Filed under Agatha Christie, Books of 2009, Harper Collins, John Curran, Review

17 responses to “Agatha Christie’s Secret Notebooks – John Curran

  1. I’ve never read anything by Agatha Christie and this has review has intrigued me. I do love a good murder mystery. Any suggestions what book would be good to start with?

    • Hmmm you see I am a bit of a nightmare and like to read things in order. I didnt with Agatha though which irks me still but means I can hopefully read The Adventure of The Christmas Pudding guilt free. I wonder if this should be a boxing day read so I can eat Christmas Pudding at the time… sorry I digressed.

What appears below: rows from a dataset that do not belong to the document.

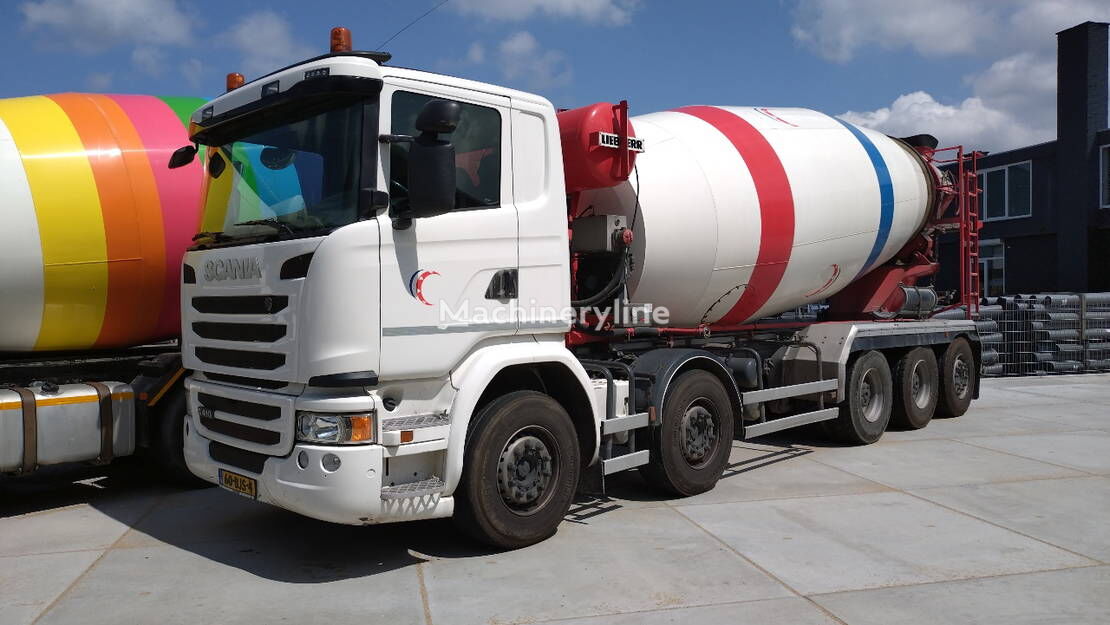 شاحنة خلط الخرسانة Liebherr  ذات شاسيه Scania G410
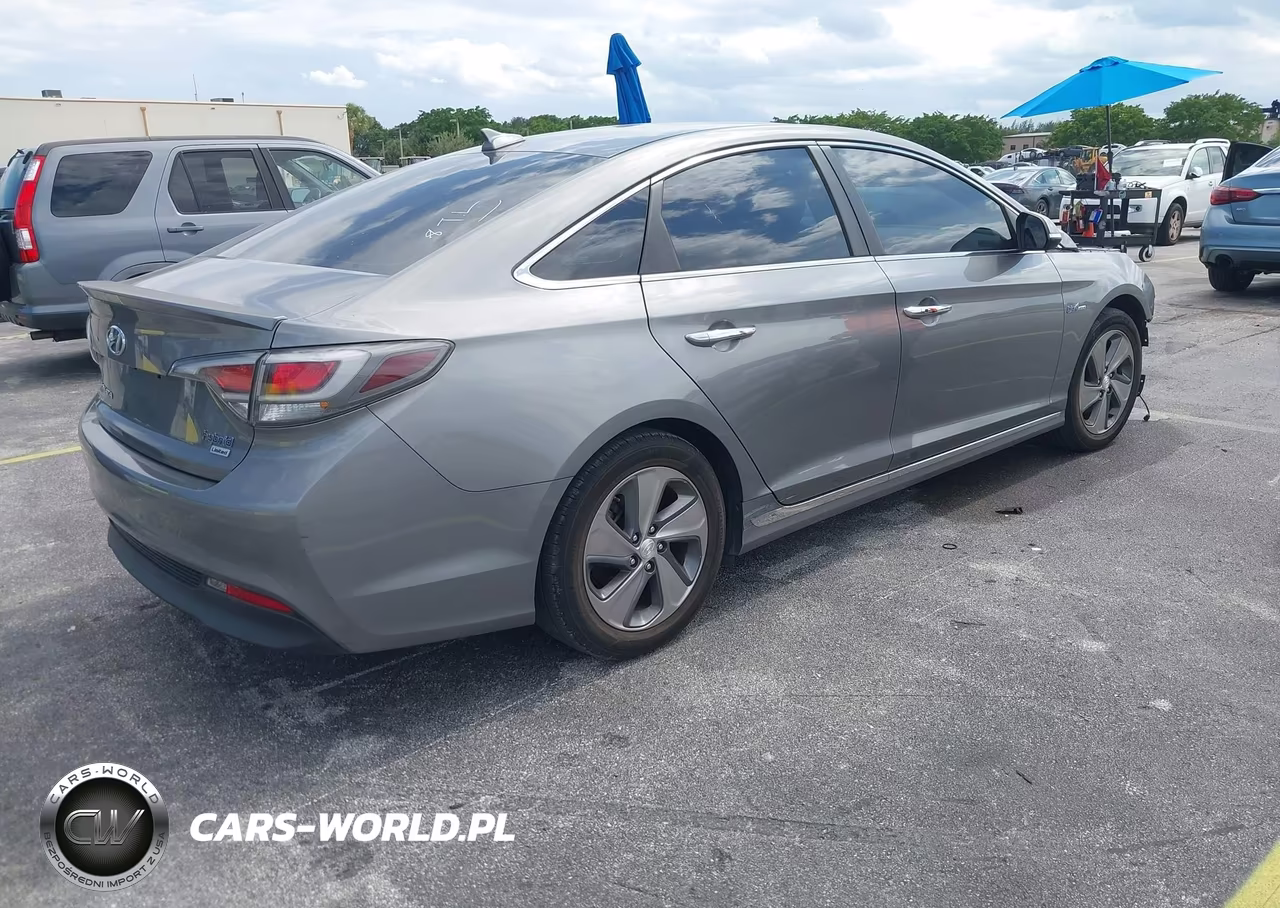 2017 Hyundai Sonata Hybrid Limited VIN:KMHE34L14HA057571 - 4
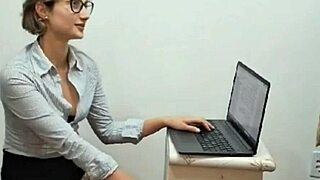 Sadira's amateur latina interview session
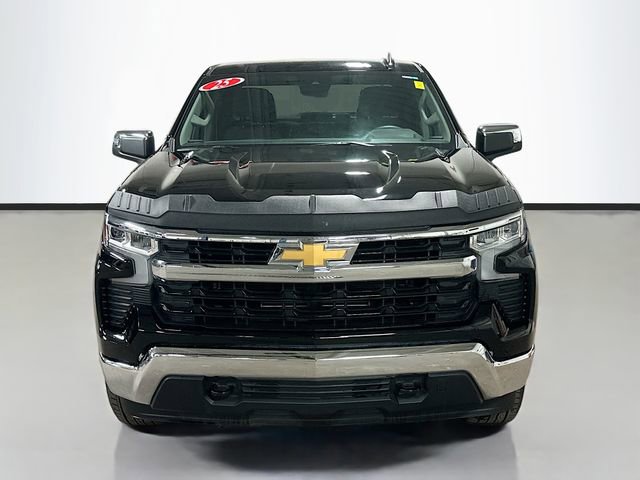 Used 2025 Chevrolet Silverado 1500 LT image 4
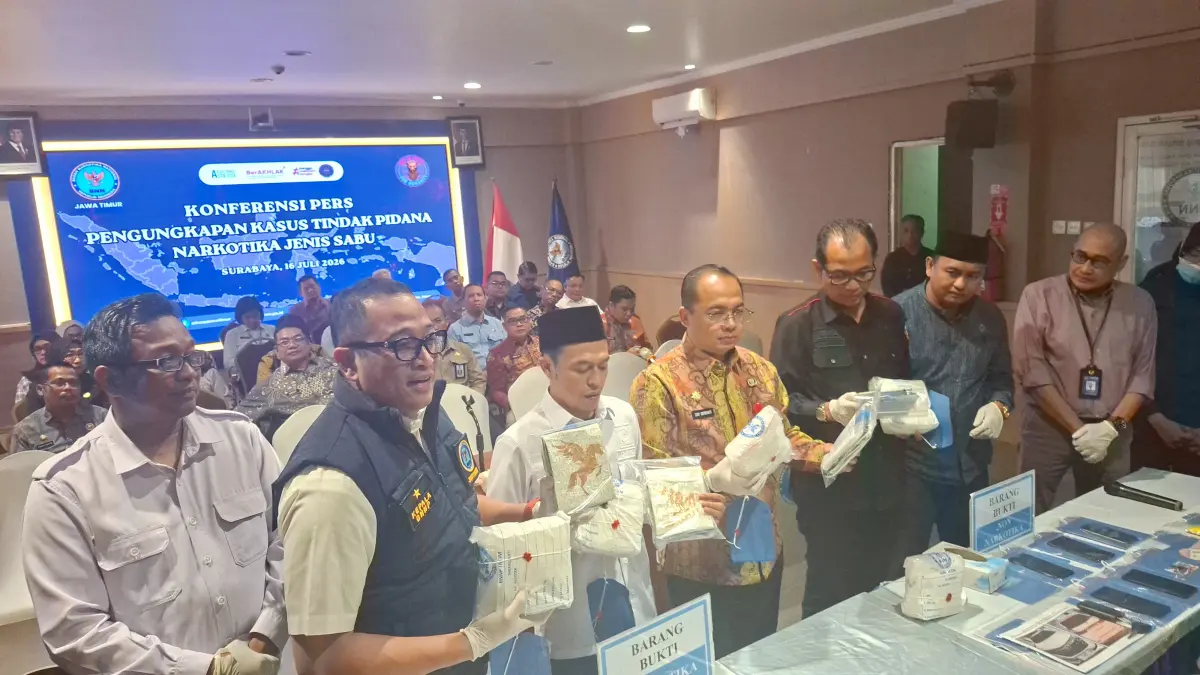 PENGGAGALAN: BNNP Jatim memamerkan sabu seberat 5,4 kilogram yang diamankan dari dua tersangka di Bangkalan, Madura. Sabu ini dikemas menggunakan plastik gambar kuda terbang.(IST/RADAR SURABAYA)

      I would say if you want to start with Marple (and I found Miss Marple the most accessable) then Murder at the Vicarage is a must. If you want to start at the start of Agatha full stop then her 1920 debut The Mysterious Affair at Styles is the one… though I havent read that yet!

  2. Simon, this sounds really well done, and, as I am a Christie fan, right up my alley. Is this a new release? UK only for now? Have to check out availability. Also love those endpapers!

    Every time I feel like I need a reading break, a palate cleanser as someone else said this week, I think about Christie. Regrettably, the copies I had as a younger person met with an unfortunate end. I think now is the time to re-stock so that the next time the impulse strikes, I will be ready.

    Best to Gran! Happy reading!

    • Hi Frances, this book is indeed done very well and I think part of that is the fact that John Curran really genuinely loves Agatha Christies work and is soooooo enthustiastic about it and the more I read of it the more it caught! Brilliant brilliant book. Its fairly new but I dont think its UK only… hmmm will have a look. Its on book depository am sure!

      I have a few Agatha’s but nothing like I used to have which is annoying andhad lots of wonderful 70’s ones but went through a phase of thinking I wouldnt read them all… disgraceful.

  3. I love Agatha Christie and have probably read everything by her (I started when I was 9 years old!) but not much about her, so this book sounds like a gem.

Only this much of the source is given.